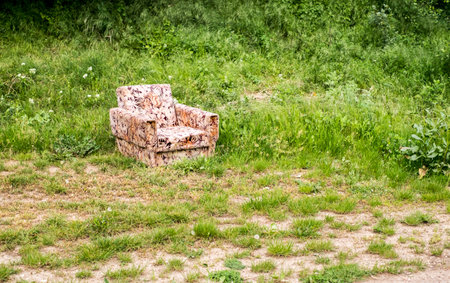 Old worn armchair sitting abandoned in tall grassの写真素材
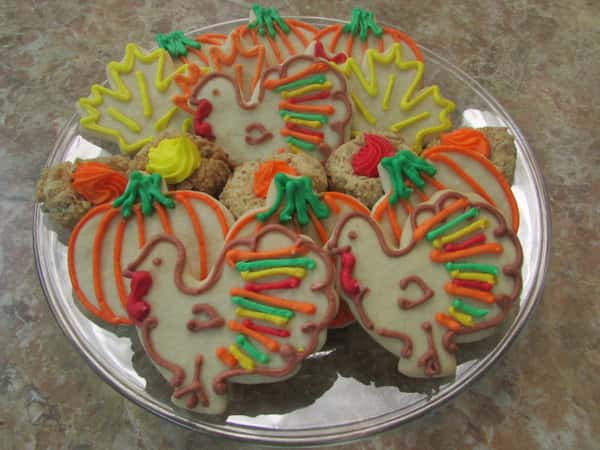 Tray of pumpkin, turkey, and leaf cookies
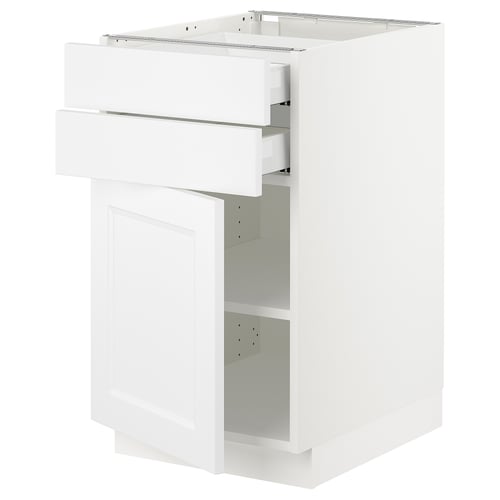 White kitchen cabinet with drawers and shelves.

==

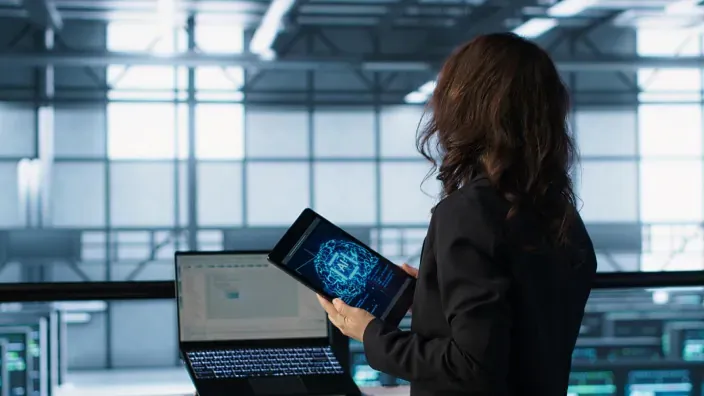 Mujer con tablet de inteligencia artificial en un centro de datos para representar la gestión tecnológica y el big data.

* * *

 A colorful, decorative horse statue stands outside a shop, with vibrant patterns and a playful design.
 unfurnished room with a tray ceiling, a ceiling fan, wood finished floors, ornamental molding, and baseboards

**WHAT TO WORK ON**. Go to the line above that contains "Old worn armchair" and reproduce everything exactly from there through the line that contains "White kitchen cabinet", leaving out the pictures.

**ANSWER FOR THE TASK**.
 Old worn armchair sitting abandoned in tall grassの写真素材
 Tray of pumpkin, turkey, and leaf cookies
 White kitchen cabinet with drawers and shelves.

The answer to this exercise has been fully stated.